"I would add other conditions: Any car company that gets taxpayer money must demonstrate a plan for transforming every vehicle in its fleet to a hybrid-electric engine with flex-fuel capability, so its entire fleet can also run on next generation cellulosic ethanol.
"Lastly, somebody ought to call Steve Jobs, who doesn’t need to be bribed to do innovation, and ask him if he’d like to do national service and run a car company for a year. I’d bet it wouldn’t take him much longer than that to come up with the G.M. iCar."
That's Tom Friedman articulating much of what I've been thinking about Detroit during the past week or so. For years, really. Okay, I'm not a big fan of ethanol -- better we get used to talking about a much wider choice of fuels and much more intelligent and responsive management. Otherwise we shouldn't give a thin dime to an industry which has been so unresponsive to reality for so long.

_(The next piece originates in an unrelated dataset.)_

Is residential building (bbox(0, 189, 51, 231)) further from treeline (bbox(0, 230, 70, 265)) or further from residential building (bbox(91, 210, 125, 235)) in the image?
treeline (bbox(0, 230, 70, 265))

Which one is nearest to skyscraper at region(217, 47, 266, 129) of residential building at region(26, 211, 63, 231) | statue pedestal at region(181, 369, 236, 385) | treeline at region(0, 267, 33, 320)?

Friedman quotes Paul Ingrassia of the Wall Street Journal.
"In return for any direct government aid,” he wrote, “the board and the management [of G.M.] should go. Shareholders should lose their paltry remaining equity. And a government-appointed receiver — someone hard-nosed and nonpolitical — should have broad power to revamp G.M. with a viable business plan and return it to a private operation as soon as possible. That will mean tearing up existing contracts with unions, dealers and suppliers, closing some operations and selling others and downsizing the company ... Giving G.M. a blank check — which the company and the United Auto Workers union badly want, and which Washington will be tempted to grant — would be an enormous mistake."

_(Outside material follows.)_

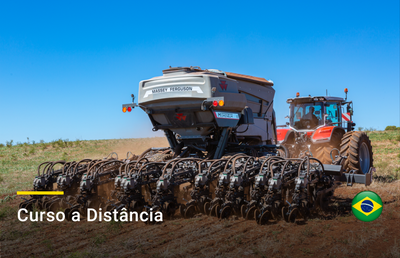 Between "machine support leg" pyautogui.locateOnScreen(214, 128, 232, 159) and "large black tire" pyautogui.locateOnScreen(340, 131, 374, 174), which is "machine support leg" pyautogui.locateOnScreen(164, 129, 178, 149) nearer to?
"machine support leg" pyautogui.locateOnScreen(214, 128, 232, 159)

Bingo! That approach should be generalized. We have been witnesses to decades of the most rotten, solipsistic management this country has seen in its history. All over the place. Including government. Should we comb through the B-schools and find out why we have become so averse to looking into the future and planning for more than immediate profits?

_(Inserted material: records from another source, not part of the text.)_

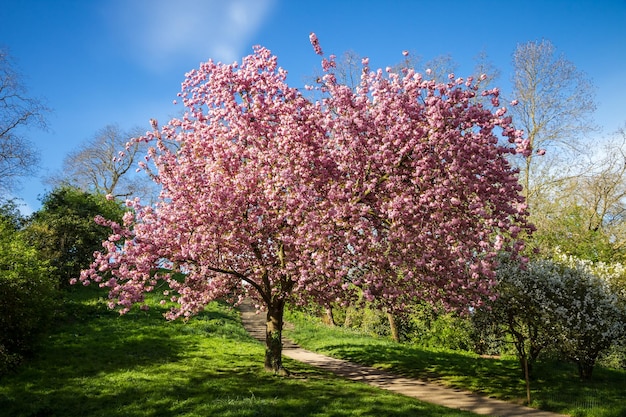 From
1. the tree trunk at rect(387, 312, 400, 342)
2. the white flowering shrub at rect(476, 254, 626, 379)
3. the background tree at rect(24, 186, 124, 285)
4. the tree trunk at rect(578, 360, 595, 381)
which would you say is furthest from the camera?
the tree trunk at rect(387, 312, 400, 342)

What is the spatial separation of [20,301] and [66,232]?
16.1 m

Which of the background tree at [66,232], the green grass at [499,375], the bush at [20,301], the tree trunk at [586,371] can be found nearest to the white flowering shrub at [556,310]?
the tree trunk at [586,371]

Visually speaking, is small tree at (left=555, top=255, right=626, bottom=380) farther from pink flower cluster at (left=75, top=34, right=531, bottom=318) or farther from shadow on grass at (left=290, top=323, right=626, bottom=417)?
pink flower cluster at (left=75, top=34, right=531, bottom=318)

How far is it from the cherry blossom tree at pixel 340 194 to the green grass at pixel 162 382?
300 centimetres

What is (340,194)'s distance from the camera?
1212 cm

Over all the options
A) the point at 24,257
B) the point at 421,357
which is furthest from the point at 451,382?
the point at 24,257

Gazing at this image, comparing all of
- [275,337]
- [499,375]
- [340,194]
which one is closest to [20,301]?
[275,337]

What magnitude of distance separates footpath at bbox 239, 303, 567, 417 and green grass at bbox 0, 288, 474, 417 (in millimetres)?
1449

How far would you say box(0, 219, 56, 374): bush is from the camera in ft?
46.6

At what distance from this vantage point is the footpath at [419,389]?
13.6 meters

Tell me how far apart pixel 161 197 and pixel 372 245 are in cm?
759

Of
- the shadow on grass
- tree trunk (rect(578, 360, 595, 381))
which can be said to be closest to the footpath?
the shadow on grass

Jamie Galbraith writes in this month's Harpers: "'Planning' has been a dirty word in American politics for decades. For the hard-line right, planning destroyed freedom: it was the 'road to serfdom.'" Of course, planning also requires a degree of discussion, concern with national goals, and openness, all of which are inimical to behind-the-scenes work of corporate lobbyists. No wonder planning is unpopular in Washington! Galbraith continues:
Independent capacity to think? When was the last time you saw that capacity valued by a Republican administration? Over and over again, we hear people saying -- about the financial crisis, about the recession, about our industries, "Of course, no one saw this coming."
Bullshit! You saw it coming; I saw it coming; legions of economists and sociologists saw it coming; car buyers saw it coming; town dumps, if they could speak, could have told you it was coming. Auto industry profiteers saw it coming and rushed to cut off the kind of changes which would have shattered the status quo ante and diminish the size of the swag they were banking.
Steve Jobs probably saw it coming. If he didn't, he'd be just another American who doesn't deserve to be called an innovator or manager. Fortunately, there are people like Jobs around. They should be the industry chiefs and their voices should heard more often in Washington.